Considered one of the pillars of the African Economic Community, the organization was founded in order to achieve “collective self-sufficiency” for its member states by creating a single large trading bloc through an economic and trading union. It also serves as a peacekeeping force in the region. The organization operates officially in three co-equal languages—French, English, and Portuguese.
The Institutions of the Economic Community Of West African States (ECOWAS) are as follows:
The Community Parliament
The Community Court OF Justice
ECOWAS Bank for Investment and Development (EBID)
The fifteen (15) West African States that constitute ECOWAS
BENIN, BURKINA FASO, CABO VERDE, COTE D’IVOIRE, GAMBIA, GHANA, GUINEE, GUINEE BISSAU, LIBERIA, MALI, NIGER, NIGERIA, SENEGAL, SIERRA LEONE and TOGO.
The West African Monetary Zone (WAMZ) is a group of six countries formed in 2000, within ECOWAS that plan to introduce a common currency, the Eco.

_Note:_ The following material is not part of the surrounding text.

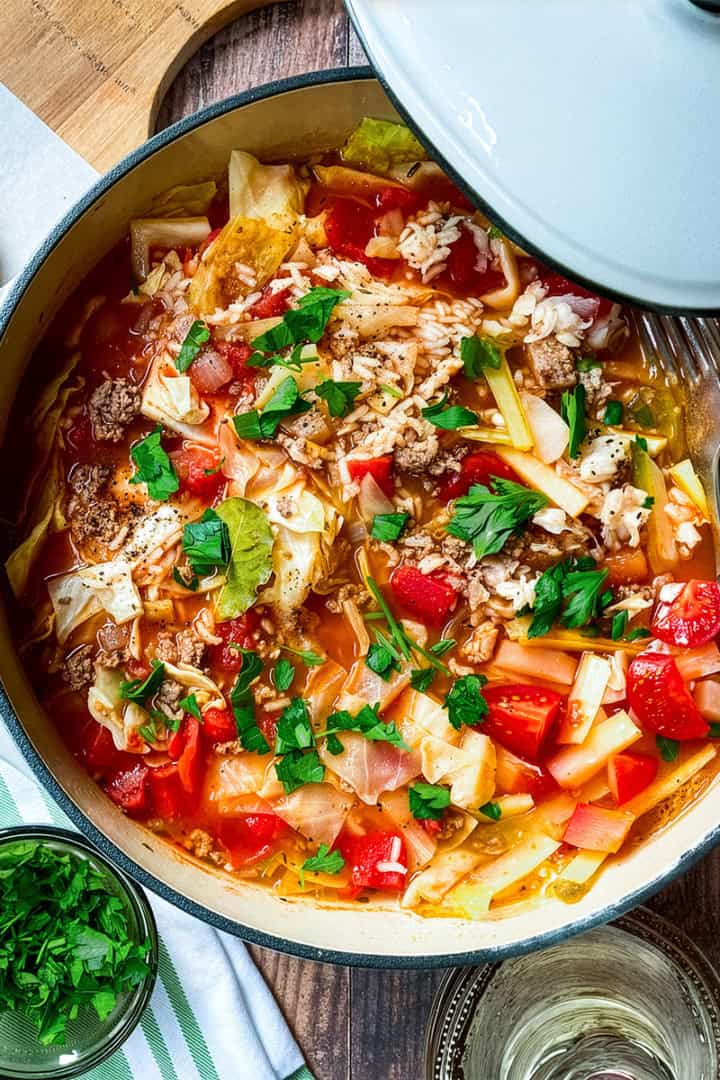 A pot of unstuffed cabbage roll soup with tomatoes, rice, and fresh herbs sits on a wooden table beside a slice of bread, utensils, and a small bowl of chopped parsley.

The six member states of WAMZ are Gambia, Ghana, Guinea, Nigeria and Sierra Leone who founded the organization together in 2000 and Liberia who joined on 16 February 2010. Apart from Guinea, which is Francophone, they are all English speaking countries. Along with Mauritania, Guinea opted out of the CFA franc currency shared by all other former French colonies in West and Central Africa. The launch of the new currency is being developed by the West African Monetary Institute based in Accra, Ghana.

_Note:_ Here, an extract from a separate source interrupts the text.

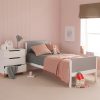 Scandinavian style Edit single bed in a grey and pink girls bedroom. Quality single bed with curved, retro edges and a chest of drawers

The Community Court of Justice
The ECOWAS also started a Community Court of Justice in 1991, the Court did not officially begin until the 5th November 1996. The jurisdiction of the court allows rulings on disputes between states over interpretations of the Revised Treaty. It also provides the ECOWAS Council with advisory opinions on legal issues. Like its companion courts the European Court of Human Rights and East African Court of Justice, it has jurisdiction to rule on fundamental human rights breaches.